This is really big and I’m not qualified to write this diary. But I’ve only seen a couple of mentions of it in digests and I think it deserves more attention. I bring it up in hope someone educated in astrophysics can write more about it.
None of this is speculative or woo. It’s all real.
Gravitational waves were theorized by Albert Einstein when he he was thinking about Relativity. Short description, spacetime is a fabric and he thought that big events in space should create waves throughout space, gravitational waves. Like dropping a rock in a pond. I don’t know if he believed we could ever detect them experimentally or not — but he certainly could never fathom that we could read them like a history book of the universe since the big bang.
But that’s where we are now. We have the equivalent of a telescope the size of our galaxy.
A couple of gravitational wave detectors have been built on earth. I’ll skip the details but it involves long arms (a few kilometers) perpendicular to each other with lasers that can detect when space bends. A spectacular and amazing feat of science, both to conceive and build. And they’ve detected events in the universe, like two black holes colliding. An amazing an spectacular success of science to a degree that people largely don’t grasp.
But holy shit how we’ve extended those arms.

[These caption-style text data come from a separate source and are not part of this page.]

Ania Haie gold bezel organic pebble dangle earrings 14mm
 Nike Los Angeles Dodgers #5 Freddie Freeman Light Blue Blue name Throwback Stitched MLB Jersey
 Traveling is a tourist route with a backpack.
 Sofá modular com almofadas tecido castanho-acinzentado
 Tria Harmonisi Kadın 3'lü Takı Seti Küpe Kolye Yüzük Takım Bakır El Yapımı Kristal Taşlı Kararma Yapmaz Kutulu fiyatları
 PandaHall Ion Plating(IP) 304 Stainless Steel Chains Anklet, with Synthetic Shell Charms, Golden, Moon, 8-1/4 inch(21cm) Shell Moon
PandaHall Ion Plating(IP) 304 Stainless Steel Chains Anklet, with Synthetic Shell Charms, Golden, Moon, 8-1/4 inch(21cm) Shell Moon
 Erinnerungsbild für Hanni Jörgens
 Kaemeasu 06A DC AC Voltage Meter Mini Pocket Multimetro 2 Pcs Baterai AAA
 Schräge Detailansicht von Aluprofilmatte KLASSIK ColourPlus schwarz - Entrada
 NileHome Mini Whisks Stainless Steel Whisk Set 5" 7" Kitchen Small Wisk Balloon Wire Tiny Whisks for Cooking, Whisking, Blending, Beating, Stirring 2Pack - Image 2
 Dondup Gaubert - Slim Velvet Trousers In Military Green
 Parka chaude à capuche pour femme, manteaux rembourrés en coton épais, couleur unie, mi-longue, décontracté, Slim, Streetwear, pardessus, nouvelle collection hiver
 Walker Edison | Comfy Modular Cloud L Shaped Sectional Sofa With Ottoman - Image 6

For some time some very clever scientists have been studying pulsars. Rotating neutron starts throughout our galaxy that put out amazingly regular bursts of light as they spin. More regular than atomic clocks. Someone, at some time (popular access physic books haven’t been written about it yet so I can’t say who or when) thought hey, maybe as space bends those regular pulses will be irregular.
They studied it for a dozen or so years. And over the last few weeks astrophysicists have been downright squirrely and bubbly. Excited and secretive. All, “We’ve got a secret and we can’t tell.” The news was embargoed until the paper was released on June 29.
It came out. It works. Those manmade gravitational wave detectors have been extended to the size of our galaxy. the absolute equivalent of a telescope or particle collider of that size.
It’s amazing. Astounding. It’s all just data at this point, but data rippling our universe since the beginning of it. Still around, choppy waters. The concept was the hard part, parsing the data and understanding what it means is as hard, but entirely doable at this point.